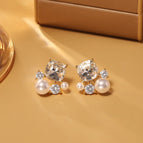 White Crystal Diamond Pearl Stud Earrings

--

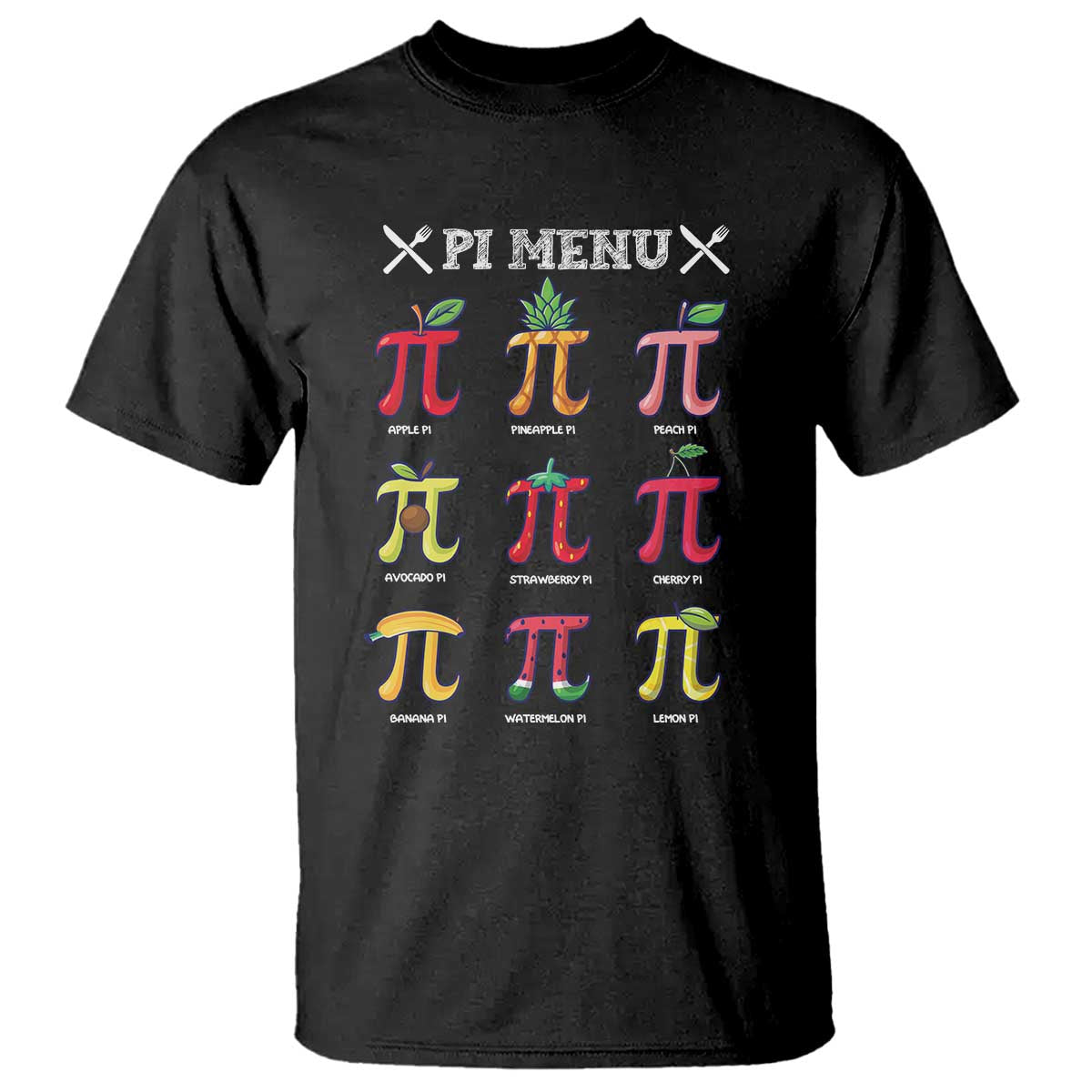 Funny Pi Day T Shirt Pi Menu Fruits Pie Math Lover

---

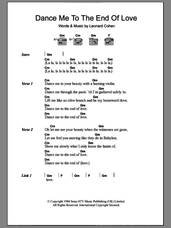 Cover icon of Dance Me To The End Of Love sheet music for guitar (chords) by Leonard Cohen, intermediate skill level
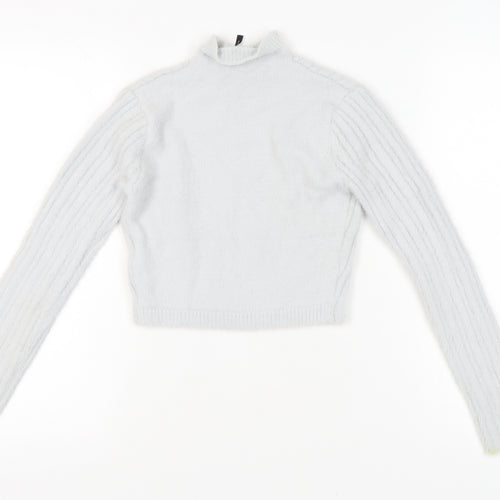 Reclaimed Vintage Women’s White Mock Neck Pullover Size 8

■ **How to complete this task**
Range to copy from the listing above: the line with "Cover icon of" through the line with "Reclaimed Vintage Women’s". Transcribe it exactly and skip the pictures.

■ **Solution below**
 Cover icon of Dance Me To The End Of Love sheet music for guitar (chords) by Leonard Cohen, intermediate skill level
 Reclaimed Vintage Women’s White Mock Neck Pullover Size 8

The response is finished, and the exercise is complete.